Kıbrıs, Doğu Akdeniz, Karadeniz konusunda anlattıklarını dinlemenizi isterdim. Kıbrıs’ın Türkiye için neden vazgeçilemez olduğunu…

İki saatlik bilgi akışını tamamen aktarmak olanaksızdır.

Ancak, bütün olumsuzluklara karşın, ülkemizin silahlı kuvvetlerimizin güvencesi altında olduğunu bilmenin iç huzuruyla ayrıldık konferanstan…

Biliyoruz ki Türk Silahlı Kuvvetleri, sivil gücün emrindedir. Her ne kadar Genel Kurmay Başkanı bakan yapılarak silahlı kuvvetlerinin bakanlık seviyesinde temsili sağlanmış olsa da Türkiye Büyük Millet Meclisi’nin etkinliğinin yitirilmesi; tek kişinin emrine tabi oluşumuz, endişe vericidir. Çünkü Türkiye’nin ortak aklı Türkiye Büyük Millet Meclisi’dir.

Dış politikada yapılan yanlışların cezasını millet çekmektedir.

Kendi ülkesinin bütünlüğünü sağlaması için Suriye Başkanı Başer Esat’ın desteklenmesi gerekirken dünyaya tarikat gözüyle bakarak, İdlip’teki IŞİD ve benzeri örgütlerle işbirliği yapılması akılcı bir politika değildir.

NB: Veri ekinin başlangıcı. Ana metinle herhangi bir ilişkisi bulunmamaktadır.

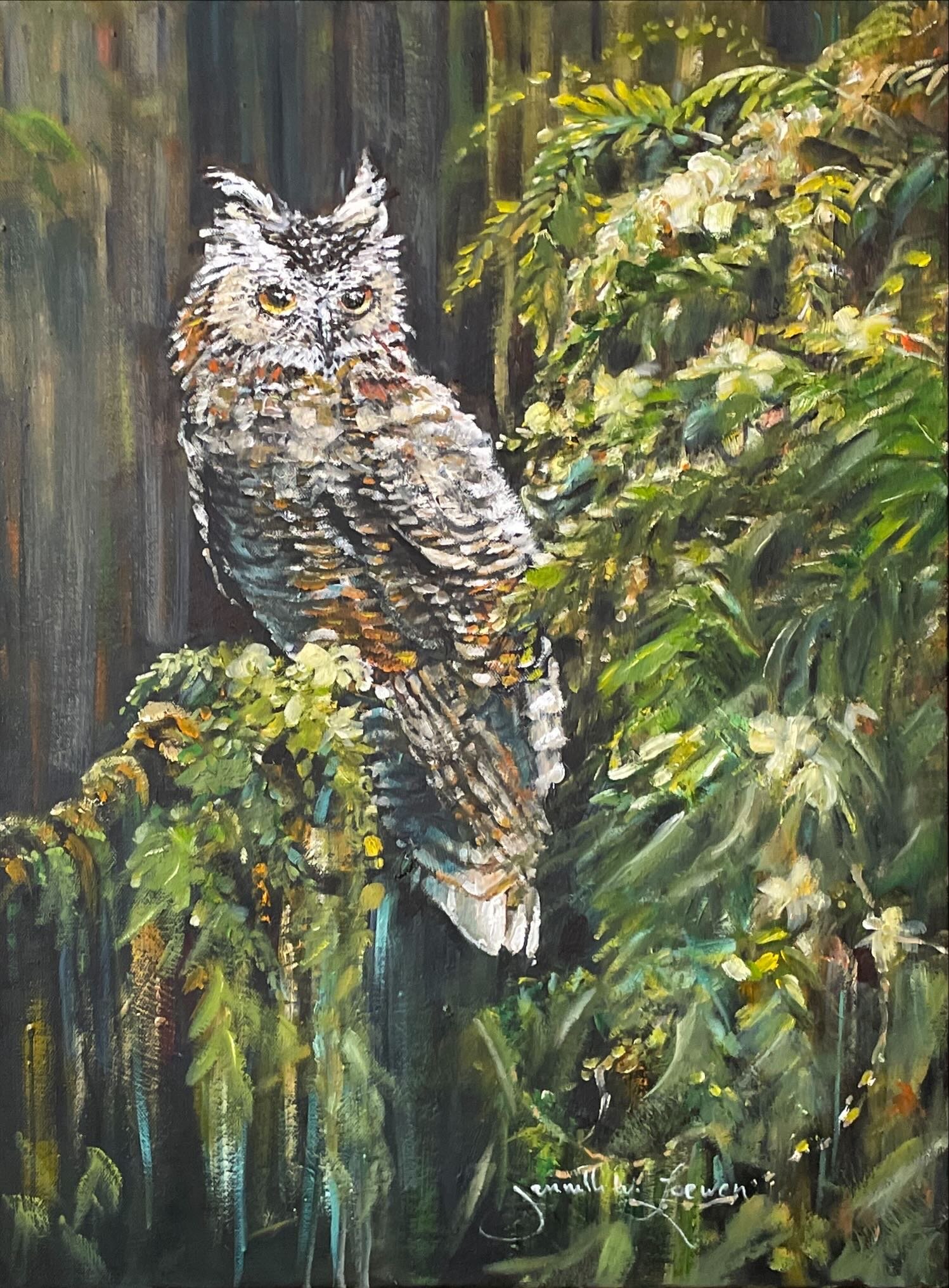 Great Horned Owl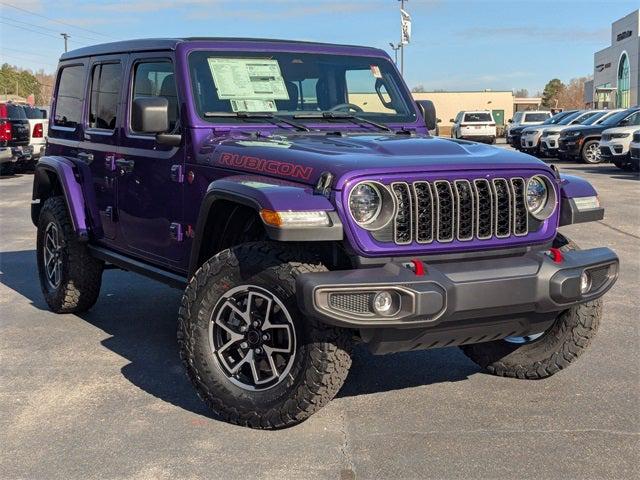 2026 Jeep Wrangler WRANGLER 4-DOOR RUBICON
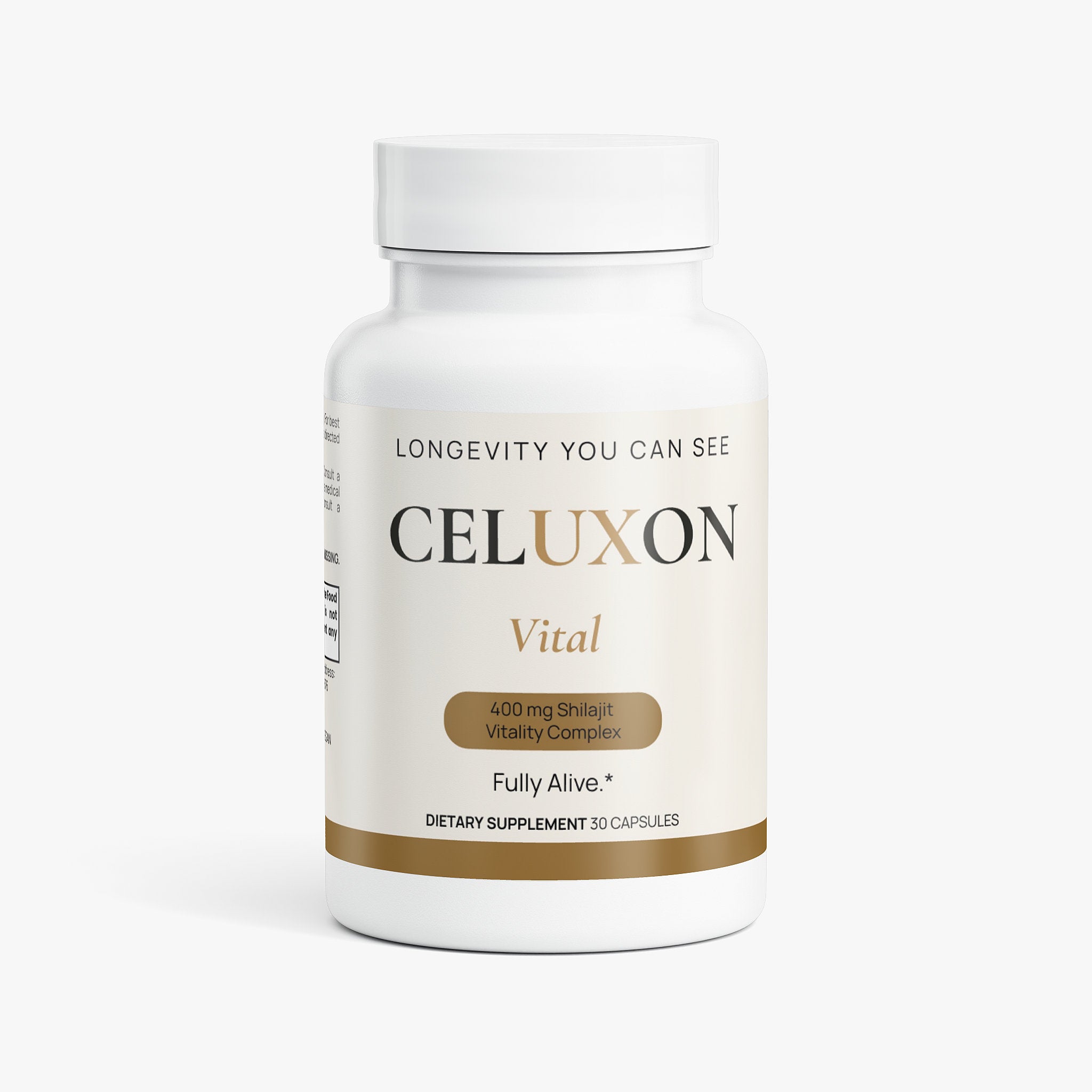 Vital — Shilajit Vitality Complex 400 mg, 30 Capsules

Türk Silahlı Kuvvetleri kendi hakkımızı alabilecek güçtedir.

İdlip’te IŞİD ve Din Devleti kurma peşindeki çetelerin korumasını sağlamak zorunda değiliz. Tarikat ayırımı yaparak ve dünyaya tarikat penceresinden bakarak dış politika olamaz.

Kendi silahlarımızı kendimiz yapabildiğimiz sürece kimseden korkmayız. Tank ve Palet Fabrikasının satışı mutlaka durdurulmalıdır. Silahlı kuvvetlerimize ait teknolojik bilgiler ve araştırmalar sadece bize ait olmalıdır.

Amiral Cem Gürdeniz’in bu konferansları Cam Piramit gibi daha büyük alanlarda ve binlerce kişiye vermesi sağlanmalıdır. Siyasete girmemeye özen gösteren Amiralin beni en etkileyen sözleri de (bir soru üzerine söylediği); “Eğitimde çağ dışı yönelmelerle ne yapılırsa yapılsın, bilgisayar, bilişim ve cep telefonlarıyla bilginin sınırsız akışı karşısında başarısız olacaklardır”…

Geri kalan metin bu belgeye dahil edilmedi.